Medicine is different because you have to think about the whole picture. When you’re in the primary care clinic you have to think about patients holistically: What do they do at home? How is their social support? What are they eating and how are they exercising? You get to know patients over weeks, months, and years. Things happen a little more slowly. You’re not with them every minute of the day.

But I think both identities inform my practice. There are times when I’m seeing a patient in the preoperative area, or the postoperative area, when I do think about what’s going to happen to them after they leave the immediate perioperative setting. I’ll find myself thinking about how their chronic pain will be managed, or what their transition from operating room to hospital will look like, and how surgery will affect their chronic disease management.

Likewise, I’ll see outpatients in my primary care clinic or inpatients in the hospital who are going for surgery, and I’ll find myself thinking as an anesthesiologist about issues like: How are their medications going to be managed in the perioperative setting? How can we mitigate the risk of surgery as much as possible? How will they be transitioned into the care of an anesthesiologist and then back out of their care?

So, it does give me a little bit more perspective that I think is helpful in counseling patients and in my own management of those patients both on the medicine side and on the anesthesia side.

Q:  You’ve been in the program for three years. What do you enjoy most about it?

Lin: I think one of the best parts of the program is getting to know everyone in the hospital. The internal medicine and the surgical residents don’t often work with each other, so there’s not much friendly interaction between the two groups. As a medicine resident I got to know the other medical residents and the medical specialty fellows very well, but I didn’t get to know many people in surgery.

Now that I’m on the anesthesia side, I get to work next to surgeons daily. I’ve developed some great relationships – I know them well and they really know me. I also get to see how hard they work and get a glimpse of the difficult problems that they deal with. It’s really made me respect the sacrifices they make for their patients.

Since I go back and forth between my anesthesia and internal medicine training, I feel like I get to know everyone in the hospital and appreciate the breadth of problems and the scope of diseases that are treated at our hospital.

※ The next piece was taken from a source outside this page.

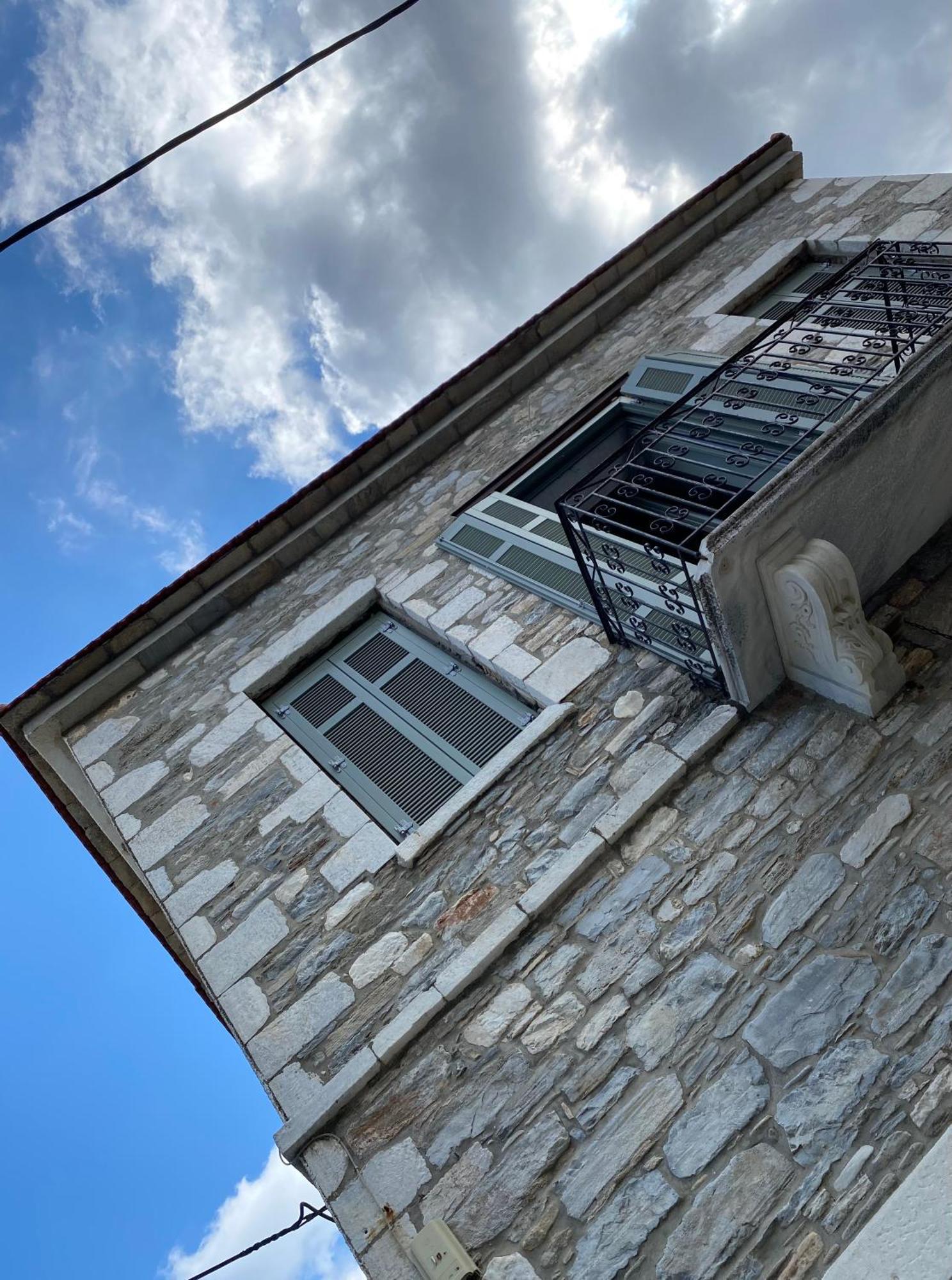 Ej Boutique Suites Милина Экстерьер фото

Q: Residency is such a busy and consuming time. What do you like to do outside of work?

Lin: Stanford is an institution that recognizes the importance of work-life balance. My particular hobby is indoor and outdoor rock climbing. It’s a great excuse to get outside and climb in some really beautiful places. We’re lucky to live in California, which has such beautiful outdoor scenes as Tahoe and Yosemite. I’ve also found that doctors make great climbing partners because you know they’re detail-oriented and stay calm under stress, and you can trust them with your life. The only downside is that it seems like they’re always on call.